::: DATA RECORDS

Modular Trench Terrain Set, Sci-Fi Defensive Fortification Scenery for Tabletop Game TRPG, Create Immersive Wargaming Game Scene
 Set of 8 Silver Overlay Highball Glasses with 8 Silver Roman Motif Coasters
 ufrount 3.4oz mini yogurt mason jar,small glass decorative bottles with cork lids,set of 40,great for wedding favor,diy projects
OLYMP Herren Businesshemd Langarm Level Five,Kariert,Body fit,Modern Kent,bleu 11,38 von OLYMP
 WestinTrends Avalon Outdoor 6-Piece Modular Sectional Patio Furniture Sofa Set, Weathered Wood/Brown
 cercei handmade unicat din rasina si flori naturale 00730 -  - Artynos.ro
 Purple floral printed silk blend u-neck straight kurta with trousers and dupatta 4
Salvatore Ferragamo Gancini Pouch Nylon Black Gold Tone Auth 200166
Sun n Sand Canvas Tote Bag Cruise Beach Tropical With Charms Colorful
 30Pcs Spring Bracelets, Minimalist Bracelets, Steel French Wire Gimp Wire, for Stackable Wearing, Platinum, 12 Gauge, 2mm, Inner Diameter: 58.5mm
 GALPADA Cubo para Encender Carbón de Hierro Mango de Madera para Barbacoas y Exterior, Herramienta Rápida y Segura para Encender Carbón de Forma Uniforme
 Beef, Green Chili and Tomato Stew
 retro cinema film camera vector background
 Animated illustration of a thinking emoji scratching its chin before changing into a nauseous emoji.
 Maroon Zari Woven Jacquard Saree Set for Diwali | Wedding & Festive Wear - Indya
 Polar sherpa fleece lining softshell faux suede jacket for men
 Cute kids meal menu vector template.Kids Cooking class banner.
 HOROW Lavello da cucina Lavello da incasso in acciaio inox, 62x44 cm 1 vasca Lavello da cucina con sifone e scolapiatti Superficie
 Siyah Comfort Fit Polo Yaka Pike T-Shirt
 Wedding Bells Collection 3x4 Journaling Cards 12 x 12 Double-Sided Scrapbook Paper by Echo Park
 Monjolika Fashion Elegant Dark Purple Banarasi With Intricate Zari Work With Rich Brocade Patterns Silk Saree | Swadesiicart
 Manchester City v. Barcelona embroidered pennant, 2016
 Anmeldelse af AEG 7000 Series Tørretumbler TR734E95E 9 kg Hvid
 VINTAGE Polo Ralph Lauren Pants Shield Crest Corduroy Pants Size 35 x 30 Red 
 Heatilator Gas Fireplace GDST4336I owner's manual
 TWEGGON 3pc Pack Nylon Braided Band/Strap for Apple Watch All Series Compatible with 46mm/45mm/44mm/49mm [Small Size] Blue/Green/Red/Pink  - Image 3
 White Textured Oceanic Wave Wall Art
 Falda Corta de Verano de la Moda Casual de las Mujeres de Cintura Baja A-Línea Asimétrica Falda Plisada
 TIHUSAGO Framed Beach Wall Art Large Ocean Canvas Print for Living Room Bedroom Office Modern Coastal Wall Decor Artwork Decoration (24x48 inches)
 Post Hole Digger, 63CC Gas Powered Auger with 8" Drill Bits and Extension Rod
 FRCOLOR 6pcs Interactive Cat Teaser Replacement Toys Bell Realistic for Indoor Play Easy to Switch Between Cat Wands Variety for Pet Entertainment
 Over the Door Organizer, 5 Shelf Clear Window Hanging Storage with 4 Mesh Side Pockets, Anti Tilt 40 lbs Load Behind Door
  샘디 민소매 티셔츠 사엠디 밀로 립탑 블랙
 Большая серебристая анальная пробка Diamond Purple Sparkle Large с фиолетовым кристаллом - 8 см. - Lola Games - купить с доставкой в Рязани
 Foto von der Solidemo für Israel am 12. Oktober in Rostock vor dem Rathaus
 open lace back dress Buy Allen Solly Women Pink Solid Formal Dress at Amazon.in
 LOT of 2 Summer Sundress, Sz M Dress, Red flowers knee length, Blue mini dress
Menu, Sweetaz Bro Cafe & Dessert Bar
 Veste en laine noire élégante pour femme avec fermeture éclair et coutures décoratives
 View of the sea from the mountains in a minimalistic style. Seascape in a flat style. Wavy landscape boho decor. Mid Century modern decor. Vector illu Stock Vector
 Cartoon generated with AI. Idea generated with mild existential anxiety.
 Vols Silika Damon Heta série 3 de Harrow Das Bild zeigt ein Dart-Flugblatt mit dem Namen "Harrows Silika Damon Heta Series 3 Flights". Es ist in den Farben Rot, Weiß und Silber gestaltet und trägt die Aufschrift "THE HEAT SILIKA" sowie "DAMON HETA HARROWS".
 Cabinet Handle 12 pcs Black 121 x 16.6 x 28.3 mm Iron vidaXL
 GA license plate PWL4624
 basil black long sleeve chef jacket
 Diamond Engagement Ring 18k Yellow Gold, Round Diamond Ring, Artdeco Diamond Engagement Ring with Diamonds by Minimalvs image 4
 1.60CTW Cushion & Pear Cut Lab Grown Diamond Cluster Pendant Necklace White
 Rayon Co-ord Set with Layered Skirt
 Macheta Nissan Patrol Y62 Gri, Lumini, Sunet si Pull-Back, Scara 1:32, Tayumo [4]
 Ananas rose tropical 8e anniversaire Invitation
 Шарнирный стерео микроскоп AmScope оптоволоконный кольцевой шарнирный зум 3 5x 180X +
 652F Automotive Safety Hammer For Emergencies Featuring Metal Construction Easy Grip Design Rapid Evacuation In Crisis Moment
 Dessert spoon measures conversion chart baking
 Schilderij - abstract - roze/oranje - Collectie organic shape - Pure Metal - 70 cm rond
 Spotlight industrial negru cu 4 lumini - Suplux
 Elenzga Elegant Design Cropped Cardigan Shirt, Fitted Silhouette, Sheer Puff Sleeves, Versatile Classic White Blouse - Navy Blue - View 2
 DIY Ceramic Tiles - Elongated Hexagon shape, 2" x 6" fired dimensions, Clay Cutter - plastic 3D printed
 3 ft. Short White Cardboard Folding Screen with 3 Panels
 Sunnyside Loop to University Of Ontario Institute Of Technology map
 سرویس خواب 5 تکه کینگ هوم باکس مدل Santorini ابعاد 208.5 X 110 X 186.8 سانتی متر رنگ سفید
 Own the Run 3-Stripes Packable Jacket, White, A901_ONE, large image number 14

::::::

EXERCISE: Beginning at the line with "GALPADA Cubo para" and stopping after the line with "Post Hole Digger, 63CC", please write out every line of the data above exactly and nothing else.

SOLUTION TO THE PROBLEM:
 GALPADA Cubo para Encender Carbón de Hierro Mango de Madera para Barbacoas y Exterior, Herramienta Rápida y Segura para Encender Carbón de Forma Uniforme
 Beef, Green Chili and Tomato Stew
 retro cinema film camera vector background
 Animated illustration of a thinking emoji scratching its chin before changing into a nauseous emoji.
 Maroon Zari Woven Jacquard Saree Set for Diwali | Wedding & Festive Wear - Indya
 Polar sherpa fleece lining softshell faux suede jacket for men
 Cute kids meal menu vector template.Kids Cooking class banner.
 HOROW Lavello da cucina Lavello da incasso in acciaio inox, 62x44 cm 1 vasca Lavello da cucina con sifone e scolapiatti Superficie
 Siyah Comfort Fit Polo Yaka Pike T-Shirt
 Wedding Bells Collection 3x4 Journaling Cards 12 x 12 Double-Sided Scrapbook Paper by Echo Park
 Monjolika Fashion Elegant Dark Purple Banarasi With Intricate Zari Work With Rich Brocade Patterns Silk Saree | Swadesiicart
 Manchester City v. Barcelona embroidered pennant, 2016
 Anmeldelse af AEG 7000 Series Tørretumbler TR734E95E 9 kg Hvid
 VINTAGE Polo Ralph Lauren Pants Shield Crest Corduroy Pants Size 35 x 30 Red 
 Heatilator Gas Fireplace GDST4336I owner's manual
 TWEGGON 3pc Pack Nylon Braided Band/Strap for Apple Watch All Series Compatible with 46mm/45mm/44mm/49mm [Small Size] Blue/Green/Red/Pink  - Image 3
 White Textured Oceanic Wave Wall Art
 Falda Corta de Verano de la Moda Casual de las Mujeres de Cintura Baja A-Línea Asimétrica Falda Plisada
 TIHUSAGO Framed Beach Wall Art Large Ocean Canvas Print for Living Room Bedroom Office Modern Coastal Wall Decor Artwork Decoration (24x48 inches)
 Post Hole Digger, 63CC Gas Powered Auger with 8" Drill Bits and Extension Rod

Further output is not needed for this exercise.